Haynes paid a preliminary visit to Harvard earlier this term to rehearse with undergraduates in the Monday and Sunday Jazz Bands. On Friday, April 17 at 4 pm in Lowell Hall, he will talk about his career and creative process in a Learning From Performers conversation moderated by Tom Everett; the event is free and open to the public. Haynes will also perform in a tribute concert with the Harvard Sunday and Monday Jazz Bands on Saturday, April 18 at 8 pm in Sanders Theatre. Tickets are $15 for the public, and $8 for students and
seniors, available through the Harvard Box Office, 617.496.2222
(TTY, 617.495.1642), boxoffice.Harvard.edu.
In addition, Haynes will be interviewed by jazz journalists, and he will meet with faculty, staff and students from area schools and universities
including Berklee College of Music, New England Conservatory, and
Cambridge Rindge and Latin School, as well as with fellows of Harvard’s
Neiman Foundation for Journalism.
Born in Boston on March 13, 1926, Haynes has been keenly interested in jazz ever since he can remember. As he recalls, “A teacher in school once sent me to the principal, because I was drumming with my hands on the desk in class. My father used to say I was just nervous. I’m always thinking rhythms, drums.”
Primarily self-taught, he began to work locally with musicians like the Charlie Christian-inflected guitarist Tom Brown, bandleader Sabby Lewis, and Kansas City blues-shout alto saxophonist Pete Brown, before getting a call in the summer of 1945 to join legendary bandleader Luis Russell (responsible for much of Louis Armstrong’s musical backing from 1929 to 1933) to play for dancers at New York’s legendary Savoy Ballroom. When not traveling with Russell, the young drummer spent much time on Manhattan’s 52nd Street and uptown in “Minton’s,” the legendary incubator of bebop, soaking up the scene.
Haynes has worked across a wide spectrum of innovation: he was Lester Young’s drummer from 1947 to 1949; he worked with Bud Powell and Miles Davis in 1949; he became Charlie Parker’s drummer of choice from 1949 to 1953; he toured the world with Sarah Vaughan from 1954 to 1959; he did numerous extended gigs with Thelonious Monk in 1959-60; he played and recorded with the John Coltrane Quartet from 1963 to 1965; and he has intermittently collaborated with Chick Corea since 1968 and with Pat Metheny during the ’90s.

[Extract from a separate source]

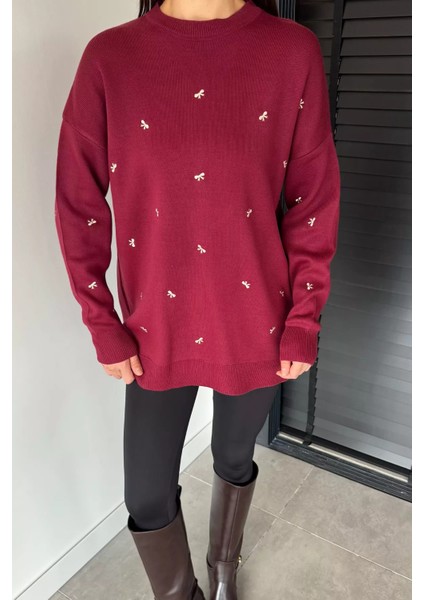 Kadın Kurdele Nakışlı Triko Kazak (M-L-Xl Uyumludur) P-00018883 modelleri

Haynes has been an active bandleader from the late ’50s to the present, featuring artists in performance and on recordings such as Phineas Newborn, Booker Ervin, Roland Kirk, George Adams, Hannibal Marvin Peterson, Ralph Moore and Donald Harrison. A perpetual top-three drummer in the Downbeat Readers Poll Awards, he won the Best Drummer honors in 1996, and in that year received the prestigious French Chevalier des l’Ordres Artes et des Lettres.
Jazz programs at Harvard University were initiated in 1971 by Tom Everett and have developed in conjunction with the Office for the Arts at Harvard since 1976. Artists such as Benny Golson, Eddie Palmieri, Jim Hall, Jon Hendricks, Jane Ira Bloom, Joe Lavano, and Benny Carter have participated.